Note: I will be releasing Tensorflow code for the DCN soon.
TLDR; Using the Dynamic Coattention Network (DCN) which allows for co-dependent representations of the question and documents in order to focus on relevant parts of the document to answer the question. Here’s a sample of the results the model can produce:
- The DCN is an end-to-end architecture that has a coattentive encoder, that processes the question and document, and a dynamic pointing decoder, that determines the start and end of the answer span in the document.
- We will first process each of the words in the question (n words) and document (m words). A sentinel is also added to each vector representation in order to tell the model to NOT attend to certain words. An LSTM is used to process one word at a time with a hidden state (d or q) and we use the outputs as the question or document representation.
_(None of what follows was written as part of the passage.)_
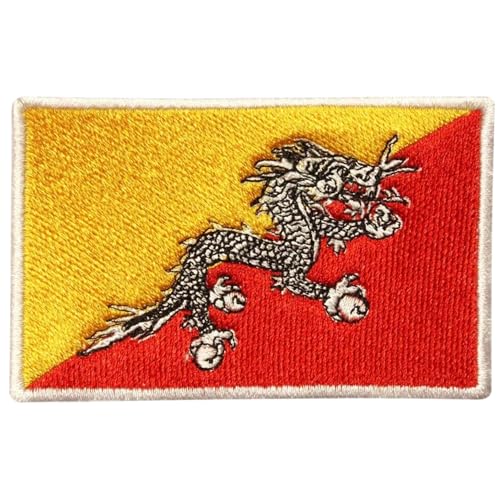 BeBuz Aufnäher mit Allländerflagge, bestickt, zum Aufbügeln/Aufnähen auf Nationalflaggen, Weltlandabzeichen, Applikationen, Reise-Souvenir, Patch für Jacke, Rucksack, Hut, DIY Handwerk (Bhutan-Flagge) BeBuz Aufnäher mit Allländerflagge, bestickt, zum Aufbügeln/Aufnähen auf Nationalflaggen, Weltlandabzeichen, Applikationen, Reise-Souvenir, Patch für Jacke, Rucksack, Hut, DIY Handwerk (Bhutan-Flagge) von Be Buz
- To have some variation in the document and question representation, an additional nonlinear layer is applied to the question representation.
- The coattention mechanism attends to the question and document representations simultaneously and then we fuse both of the final attention contexts.
- C_Q : The representation for each word in the question has accounted for all the words in the document.
- Q__A_D : The representation for each word in the context has accounted for all the words in the question.
- C_Q__A_D : The representation for each word in the context has accounted for all the words in the question, where each word in the question has already accounted for all the words in the document.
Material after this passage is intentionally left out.